MATERIAL FOR THIS EXERCISE below:

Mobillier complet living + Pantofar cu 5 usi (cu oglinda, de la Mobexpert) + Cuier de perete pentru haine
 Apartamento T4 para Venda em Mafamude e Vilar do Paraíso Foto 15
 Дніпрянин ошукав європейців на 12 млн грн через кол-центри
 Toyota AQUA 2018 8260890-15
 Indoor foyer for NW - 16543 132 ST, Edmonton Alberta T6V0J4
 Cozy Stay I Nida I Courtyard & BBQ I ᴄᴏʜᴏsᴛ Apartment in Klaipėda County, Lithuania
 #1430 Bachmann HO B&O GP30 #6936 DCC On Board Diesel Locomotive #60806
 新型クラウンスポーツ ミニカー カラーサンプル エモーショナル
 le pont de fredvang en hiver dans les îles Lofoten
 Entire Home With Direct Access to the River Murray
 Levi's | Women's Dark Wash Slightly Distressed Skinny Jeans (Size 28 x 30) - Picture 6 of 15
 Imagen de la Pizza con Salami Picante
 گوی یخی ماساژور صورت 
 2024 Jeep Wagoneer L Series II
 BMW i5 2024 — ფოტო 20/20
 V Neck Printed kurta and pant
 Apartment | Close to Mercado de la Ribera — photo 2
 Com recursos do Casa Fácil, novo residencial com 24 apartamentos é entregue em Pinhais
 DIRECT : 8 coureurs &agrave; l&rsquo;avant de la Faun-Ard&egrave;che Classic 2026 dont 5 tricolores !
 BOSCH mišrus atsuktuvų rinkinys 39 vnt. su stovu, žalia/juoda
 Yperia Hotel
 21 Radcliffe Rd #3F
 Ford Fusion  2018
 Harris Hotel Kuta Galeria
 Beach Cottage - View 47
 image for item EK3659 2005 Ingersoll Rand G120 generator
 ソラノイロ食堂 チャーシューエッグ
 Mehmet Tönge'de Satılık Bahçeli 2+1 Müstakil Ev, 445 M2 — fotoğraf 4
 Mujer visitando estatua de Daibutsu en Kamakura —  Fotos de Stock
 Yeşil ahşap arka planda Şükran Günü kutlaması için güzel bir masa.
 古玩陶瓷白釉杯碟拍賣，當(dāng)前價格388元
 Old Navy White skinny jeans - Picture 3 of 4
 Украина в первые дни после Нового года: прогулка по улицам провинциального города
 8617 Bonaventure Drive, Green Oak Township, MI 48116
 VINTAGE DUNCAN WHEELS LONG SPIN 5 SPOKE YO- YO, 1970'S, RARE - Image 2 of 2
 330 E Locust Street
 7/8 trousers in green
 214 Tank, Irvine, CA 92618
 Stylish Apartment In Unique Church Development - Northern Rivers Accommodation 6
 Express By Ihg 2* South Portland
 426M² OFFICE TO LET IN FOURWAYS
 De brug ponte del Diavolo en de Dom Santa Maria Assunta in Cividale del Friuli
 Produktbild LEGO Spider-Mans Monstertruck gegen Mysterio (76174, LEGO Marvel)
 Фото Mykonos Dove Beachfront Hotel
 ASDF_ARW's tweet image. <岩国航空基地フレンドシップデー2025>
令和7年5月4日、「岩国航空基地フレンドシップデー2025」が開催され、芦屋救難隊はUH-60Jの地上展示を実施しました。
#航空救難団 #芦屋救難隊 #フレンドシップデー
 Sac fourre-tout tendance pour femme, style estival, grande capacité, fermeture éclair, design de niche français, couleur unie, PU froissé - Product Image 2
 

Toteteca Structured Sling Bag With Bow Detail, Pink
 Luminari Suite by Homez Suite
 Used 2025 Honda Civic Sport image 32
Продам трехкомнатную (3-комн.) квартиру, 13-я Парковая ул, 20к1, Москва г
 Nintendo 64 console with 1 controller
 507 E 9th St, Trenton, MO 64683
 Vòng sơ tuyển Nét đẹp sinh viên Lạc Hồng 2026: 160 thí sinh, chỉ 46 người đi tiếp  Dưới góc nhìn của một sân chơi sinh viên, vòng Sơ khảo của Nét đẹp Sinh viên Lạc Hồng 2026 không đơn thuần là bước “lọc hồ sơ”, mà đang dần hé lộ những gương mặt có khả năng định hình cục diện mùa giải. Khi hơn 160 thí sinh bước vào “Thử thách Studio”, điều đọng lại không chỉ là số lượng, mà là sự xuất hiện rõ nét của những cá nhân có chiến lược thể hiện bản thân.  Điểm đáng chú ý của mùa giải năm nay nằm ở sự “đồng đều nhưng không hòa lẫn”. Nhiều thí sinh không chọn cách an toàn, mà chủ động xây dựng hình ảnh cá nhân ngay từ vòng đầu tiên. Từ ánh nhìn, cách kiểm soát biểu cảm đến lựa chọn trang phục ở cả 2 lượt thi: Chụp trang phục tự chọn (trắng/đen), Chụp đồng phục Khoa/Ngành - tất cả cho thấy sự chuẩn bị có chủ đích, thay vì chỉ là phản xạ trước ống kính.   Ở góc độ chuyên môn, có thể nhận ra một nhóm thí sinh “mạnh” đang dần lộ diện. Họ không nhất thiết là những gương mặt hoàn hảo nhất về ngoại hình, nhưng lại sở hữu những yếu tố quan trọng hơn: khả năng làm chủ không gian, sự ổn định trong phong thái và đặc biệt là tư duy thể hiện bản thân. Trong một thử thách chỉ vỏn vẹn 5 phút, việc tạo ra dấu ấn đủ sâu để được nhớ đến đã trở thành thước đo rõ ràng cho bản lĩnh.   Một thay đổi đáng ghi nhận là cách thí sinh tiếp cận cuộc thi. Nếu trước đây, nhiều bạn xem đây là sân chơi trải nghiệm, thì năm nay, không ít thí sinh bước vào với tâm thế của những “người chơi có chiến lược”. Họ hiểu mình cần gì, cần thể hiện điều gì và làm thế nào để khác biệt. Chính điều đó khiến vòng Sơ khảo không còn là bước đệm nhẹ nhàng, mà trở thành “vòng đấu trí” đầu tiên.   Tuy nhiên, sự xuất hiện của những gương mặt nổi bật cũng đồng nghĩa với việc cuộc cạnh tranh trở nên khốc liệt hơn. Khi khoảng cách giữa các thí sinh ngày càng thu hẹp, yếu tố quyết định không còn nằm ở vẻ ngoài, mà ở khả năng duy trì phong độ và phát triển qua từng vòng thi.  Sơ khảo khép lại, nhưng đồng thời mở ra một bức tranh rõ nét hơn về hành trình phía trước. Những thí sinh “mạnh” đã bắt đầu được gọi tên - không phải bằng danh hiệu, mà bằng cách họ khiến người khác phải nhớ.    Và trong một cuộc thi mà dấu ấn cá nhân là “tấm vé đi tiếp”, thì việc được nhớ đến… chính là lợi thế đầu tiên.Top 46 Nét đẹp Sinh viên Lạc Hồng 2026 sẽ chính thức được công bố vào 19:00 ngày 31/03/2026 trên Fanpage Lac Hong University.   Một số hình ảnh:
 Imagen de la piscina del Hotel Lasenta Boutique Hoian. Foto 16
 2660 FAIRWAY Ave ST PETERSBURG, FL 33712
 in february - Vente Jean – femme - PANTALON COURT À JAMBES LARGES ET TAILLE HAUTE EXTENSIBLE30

End of MATERIAL FOR THIS EXERCISE.

Return all lines from the data that include the string "Apartment".

* EXERCISE OUTPUT
 Cozy Stay I Nida I Courtyard & BBQ I ᴄᴏʜᴏsᴛ Apartment in Klaipėda County, Lithuania
 Apartment | Close to Mercado de la Ribera — photo 2
 Stylish Apartment In Unique Church Development - Northern Rivers Accommodation 6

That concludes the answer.